## Task to complete
Retype the records in full, and please keep the pictures out of the copy.
━━━━
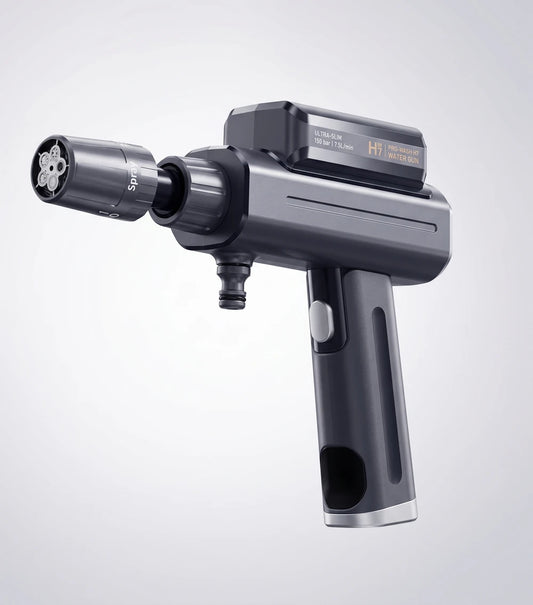The Long Drive Washer, Cordless Portable Pressure Washer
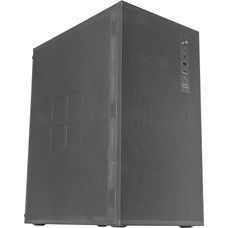 CAJA MINITORRE MICROATX MCMESHPRO NEGRO MARS GAMING (Espera 4 dias)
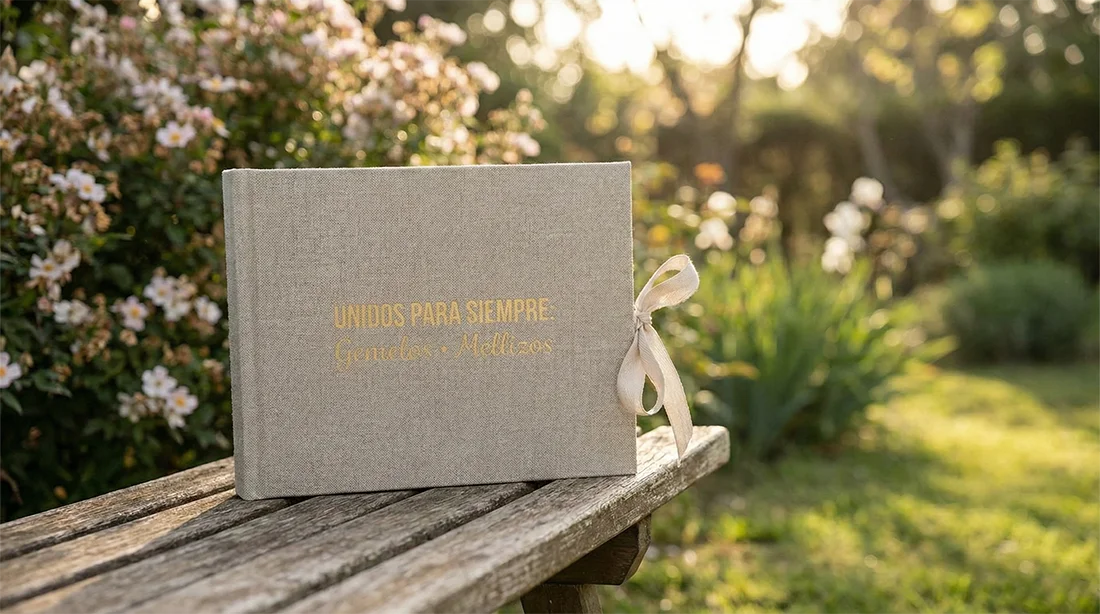 Álbum de Fotos para Gemelos o Mellizos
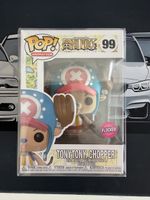 Funko Pop One Piece Tony Tony Chopper 99 Flocked neu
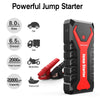 2000A 20800mAh Portable Car Battery Booster Car Jump Starter - Harland's Crate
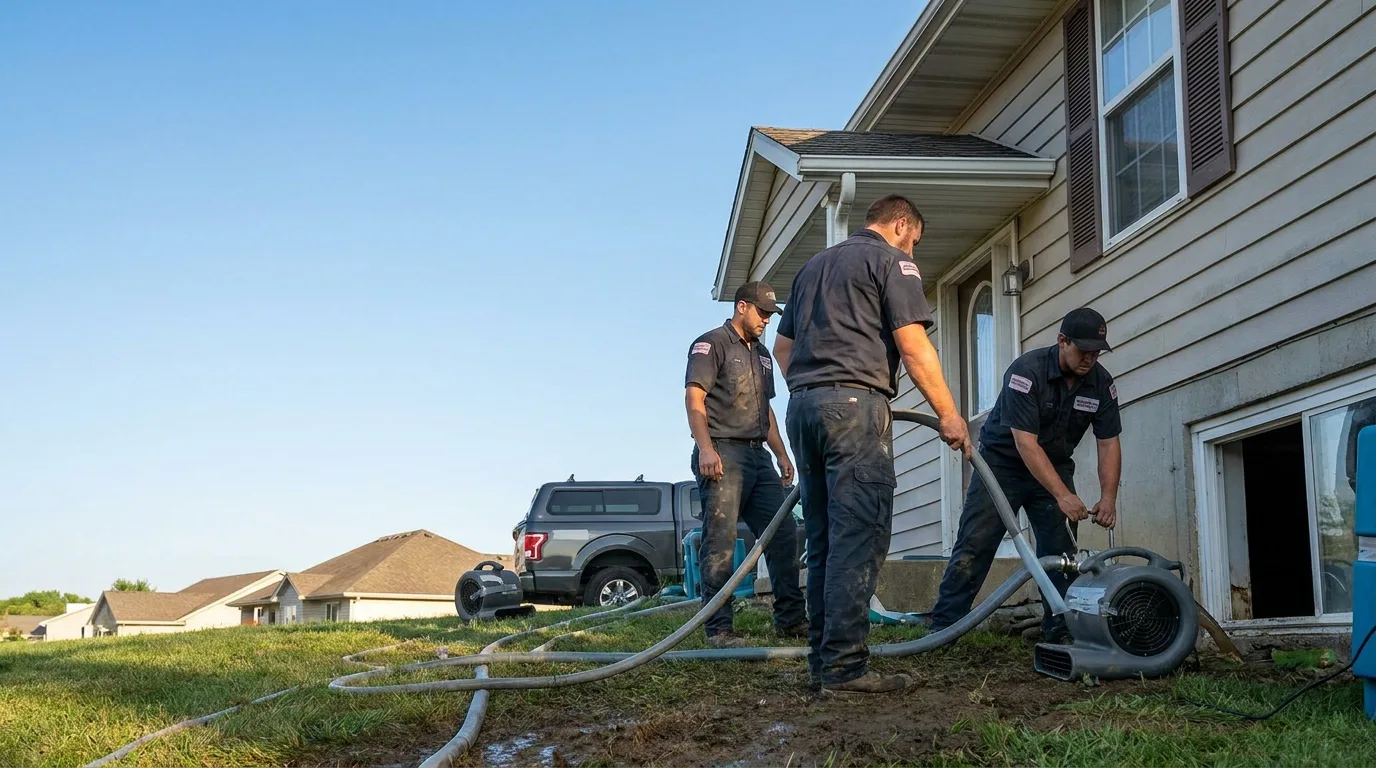 Water Removal in Ashfield, PA near me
━━━━
## Expected answer
The Long Drive Washer, Cordless Portable Pressure Washer
 CAJA MINITORRE MICROATX MCMESHPRO NEGRO MARS GAMING (Espera 4 dias)
 Álbum de Fotos para Gemelos o Mellizos
 Funko Pop One Piece Tony Tony Chopper 99 Flocked neu
 2000A 20800mAh Portable Car Battery Booster Car Jump Starter - Harland's Crate
 Water Removal in Ashfield, PA near me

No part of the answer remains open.